Exercise objective
The entries below must be retyped exactly. Pictures are to be omitted.

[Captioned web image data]
----------------

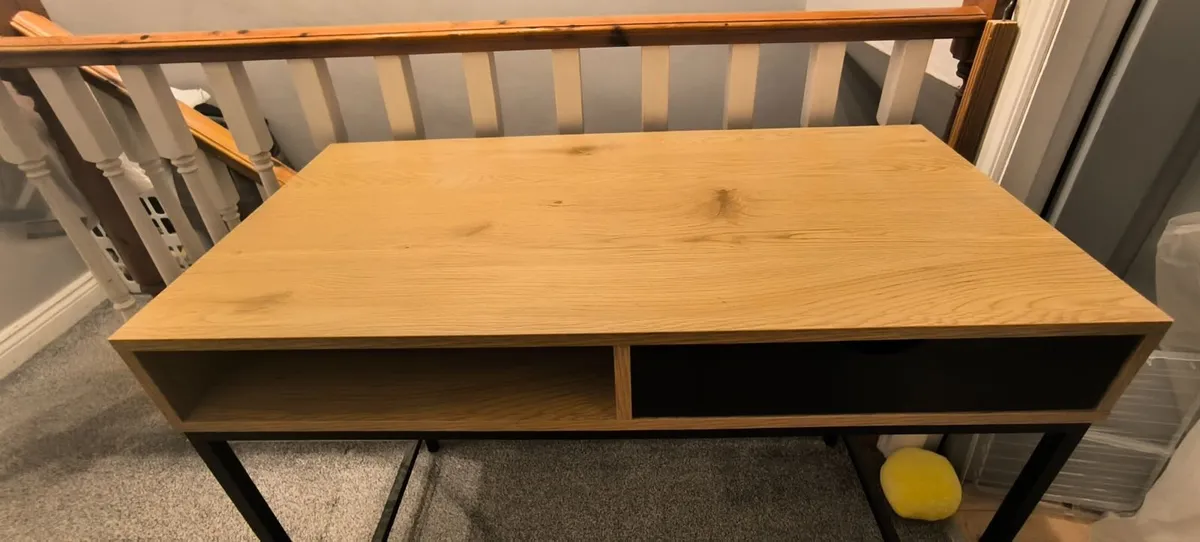 Desk - Image 3
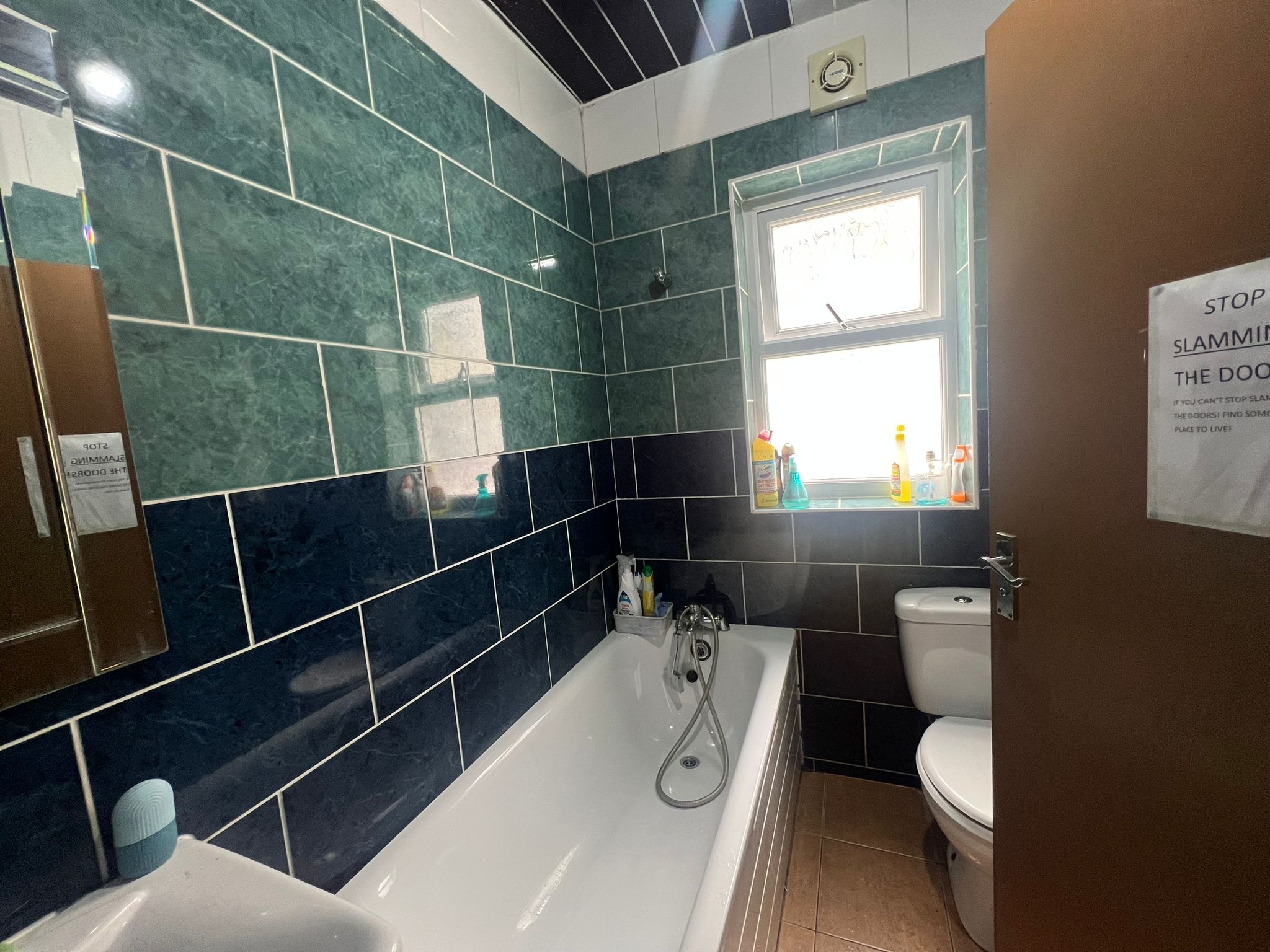 Room Shrewsbury Road in Greater London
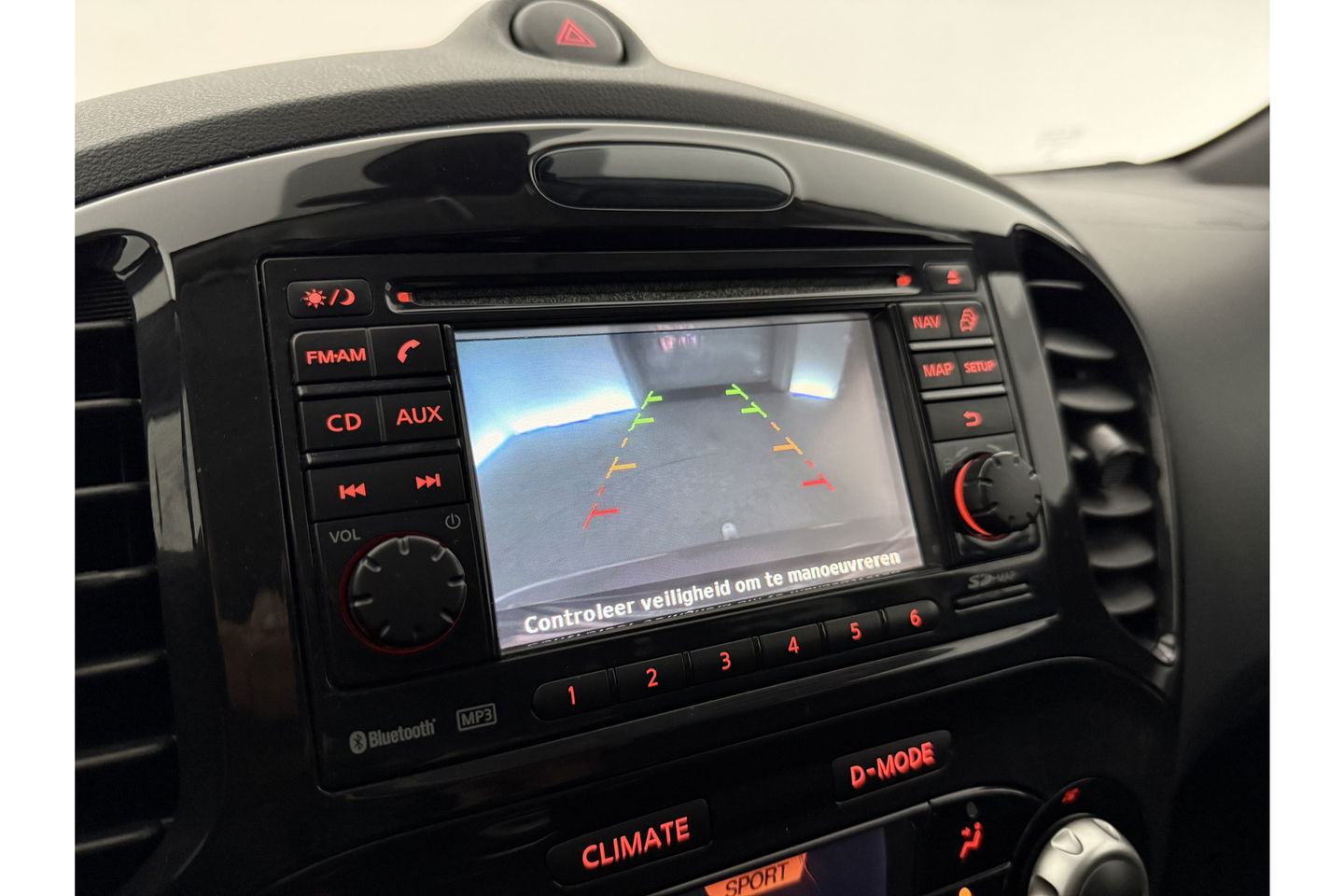 Nissan Juke 1.6 Tekna | APK tot 10-2025 | Camera Clima Trekhaak Navigatie Bluetooth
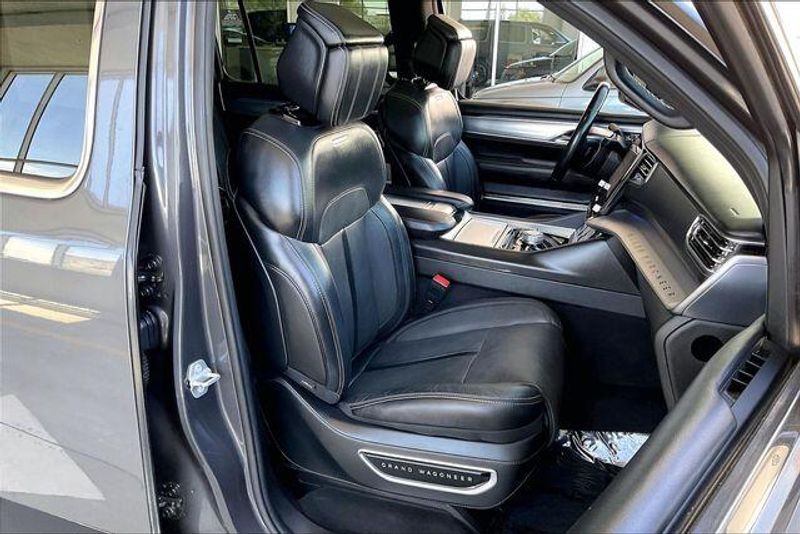 2022 Jeep Grand Wagoneer Series IImage 6
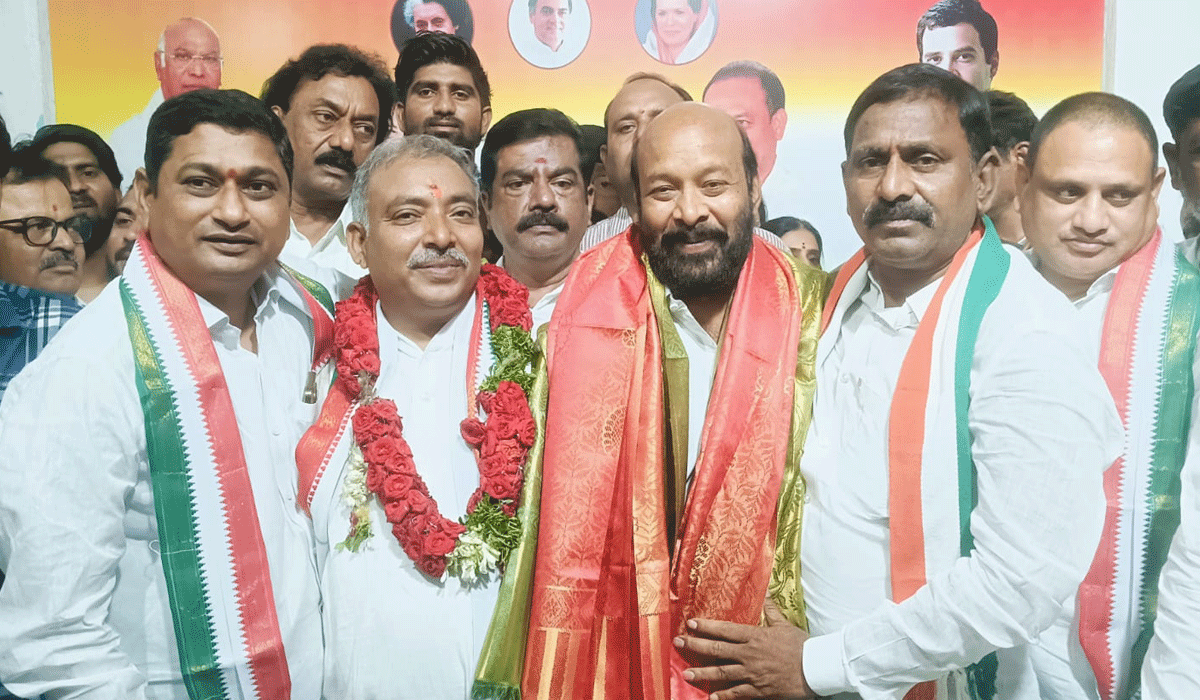 PCC | పీసీసీ ప్రధాన కార్యదర్శి రాంభూపాల్, క్రమశిక్షణ కమిటీ సభ్యుడు రామకృష్ణకు ఘన సన్మానం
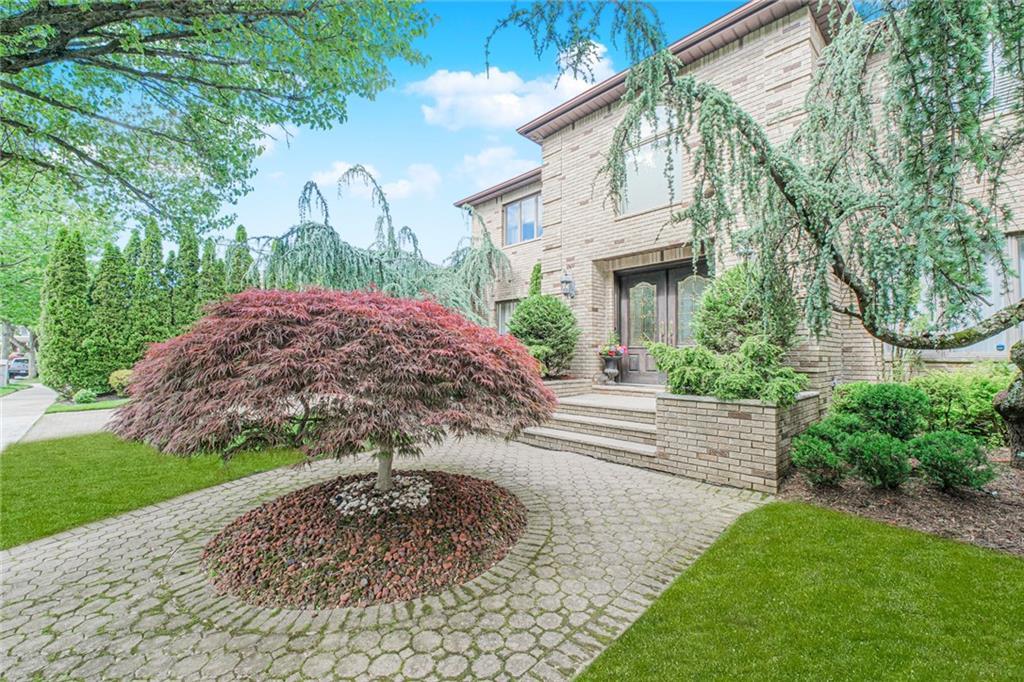 34 Burton Avenue Prince's Bay Staten Island NY 10309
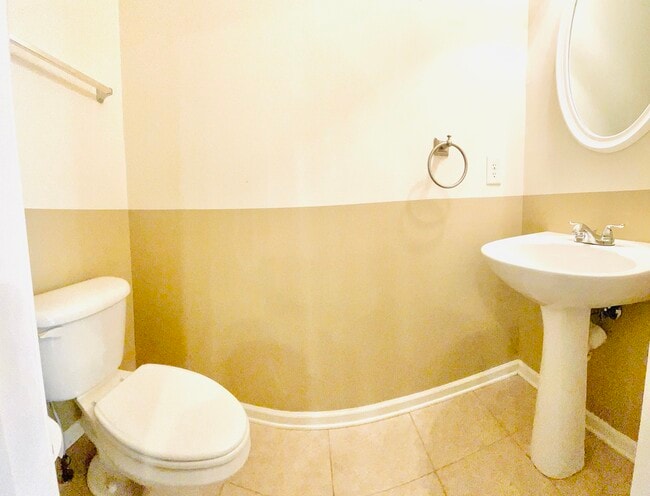 Building Photo - 787 Brookside Parc Ln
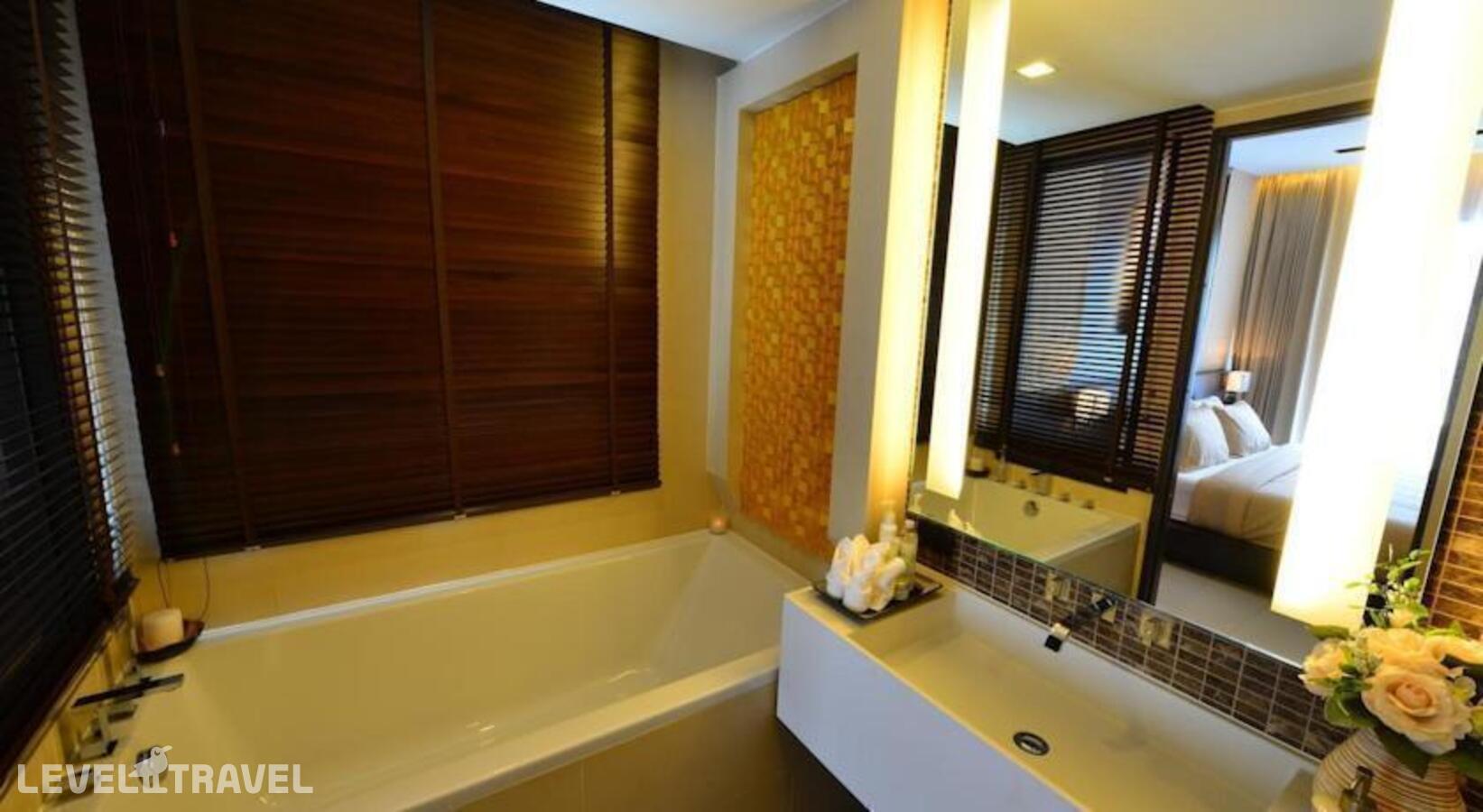 фотографии номера Полулюкс с выходом к бассейну отеля The Charm Resort Phuket в Таиланд(Патонг Бич) - фото №1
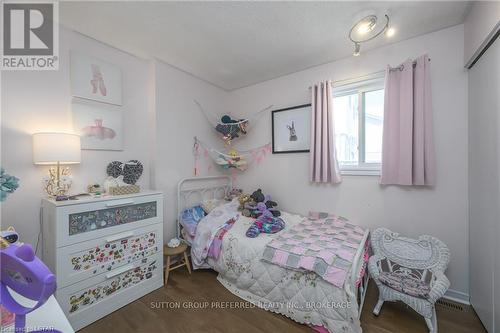 100 Fairchild Crescent, London, ON - Indoor Photo Showing Bedroom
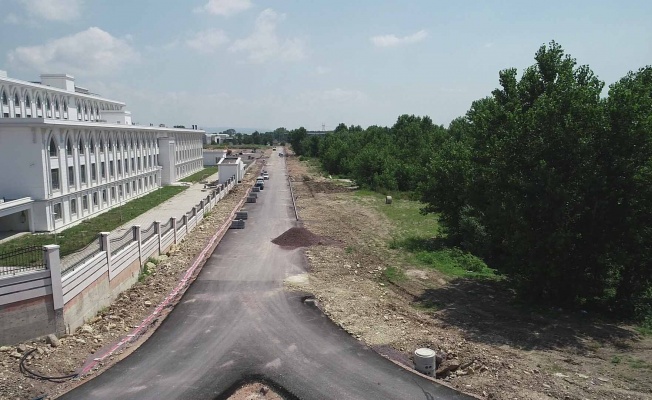 Yeni Emniyet Müdürlüğü yolu ve otoparkı asfaltlandı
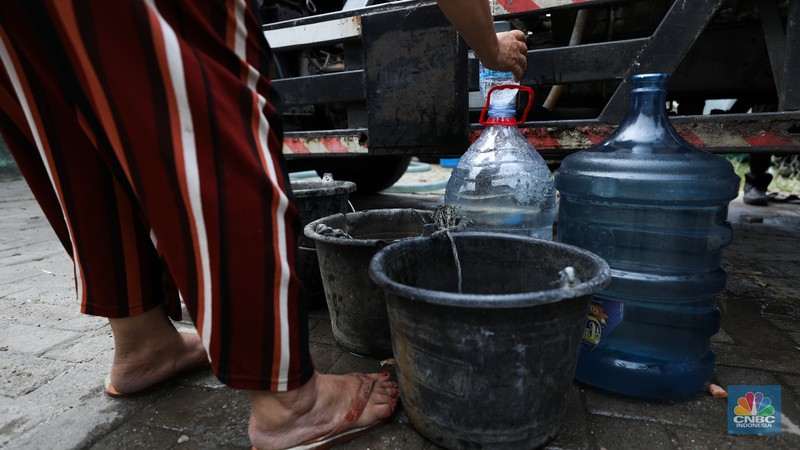 Krisis Air Bersih Krisis air bersih melanda permukiman warga di RW 011, Jalan Utan Jati, Pegadungan, Kalideres, Jakarta Barat. (CNBC Indonesia/Tri Susilo)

----------------

Task answer
 Desk - Image 3
 Room Shrewsbury Road in Greater London
 Nissan Juke 1.6 Tekna | APK tot 10-2025 | Camera Clima Trekhaak Navigatie Bluetooth
 2022 Jeep Grand Wagoneer Series IImage 6
 PCC | పీసీసీ ప్రధాన కార్యదర్శి రాంభూపాల్, క్రమశిక్షణ కమిటీ సభ్యుడు రామకృష్ణకు ఘన సన్మానం
 34 Burton Avenue Prince's Bay Staten Island NY 10309
 Building Photo - 787 Brookside Parc Ln
 фотографии номера Полулюкс с выходом к бассейну отеля The Charm Resort Phuket в Таиланд(Патонг Бич) - фото №1
 100 Fairchild Crescent, London, ON - Indoor Photo Showing Bedroom
 Yeni Emniyet Müdürlüğü yolu ve otoparkı asfaltlandı
 Krisis Air Bersih Krisis air bersih melanda permukiman warga di RW 011, Jalan Utan Jati, Pegadungan, Kalideres, Jakarta Barat. (CNBC Indonesia/Tri Susilo)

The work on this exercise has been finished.